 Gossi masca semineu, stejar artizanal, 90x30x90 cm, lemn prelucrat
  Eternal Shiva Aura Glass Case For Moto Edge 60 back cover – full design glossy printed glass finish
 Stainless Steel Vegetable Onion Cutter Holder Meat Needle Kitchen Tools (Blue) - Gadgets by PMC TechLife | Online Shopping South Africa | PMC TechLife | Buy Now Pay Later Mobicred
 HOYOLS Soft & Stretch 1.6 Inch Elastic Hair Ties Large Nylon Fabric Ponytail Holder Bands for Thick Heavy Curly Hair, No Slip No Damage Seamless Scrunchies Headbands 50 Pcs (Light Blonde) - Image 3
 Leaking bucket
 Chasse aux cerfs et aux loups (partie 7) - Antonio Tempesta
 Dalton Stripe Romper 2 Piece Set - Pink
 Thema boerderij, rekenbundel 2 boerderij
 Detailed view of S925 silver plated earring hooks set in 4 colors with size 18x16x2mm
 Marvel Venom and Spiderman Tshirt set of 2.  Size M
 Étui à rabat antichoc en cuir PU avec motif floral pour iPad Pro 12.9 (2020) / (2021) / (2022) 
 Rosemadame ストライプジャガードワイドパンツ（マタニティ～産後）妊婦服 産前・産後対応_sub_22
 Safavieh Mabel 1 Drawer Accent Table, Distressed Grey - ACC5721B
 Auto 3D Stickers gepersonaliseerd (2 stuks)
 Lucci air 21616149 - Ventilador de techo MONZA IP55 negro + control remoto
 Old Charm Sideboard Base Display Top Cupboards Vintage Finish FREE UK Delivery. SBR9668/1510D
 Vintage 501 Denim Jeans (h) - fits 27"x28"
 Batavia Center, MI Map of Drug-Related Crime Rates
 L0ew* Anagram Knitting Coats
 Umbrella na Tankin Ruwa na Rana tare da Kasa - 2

^^^^^^^^^^^^^^^^

WHAT TO DO
Begin with the line that has "HOYOLS Soft &" in the listing above and end after the line that has "Safavieh Mabel 1"; output those lines exactly.

THE ANSWER
 HOYOLS Soft & Stretch 1.6 Inch Elastic Hair Ties Large Nylon Fabric Ponytail Holder Bands for Thick Heavy Curly Hair, No Slip No Damage Seamless Scrunchies Headbands 50 Pcs (Light Blonde) - Image 3
 Leaking bucket
 Chasse aux cerfs et aux loups (partie 7) - Antonio Tempesta
 Dalton Stripe Romper 2 Piece Set - Pink
 Thema boerderij, rekenbundel 2 boerderij
 Detailed view of S925 silver plated earring hooks set in 4 colors with size 18x16x2mm
 Marvel Venom and Spiderman Tshirt set of 2.  Size M
 Étui à rabat antichoc en cuir PU avec motif floral pour iPad Pro 12.9 (2020) / (2021) / (2022) 
 Rosemadame ストライプジャガードワイドパンツ（マタニティ～産後）妊婦服 産前・産後対応_sub_22
 Safavieh Mabel 1 Drawer Accent Table, Distressed Grey - ACC5721B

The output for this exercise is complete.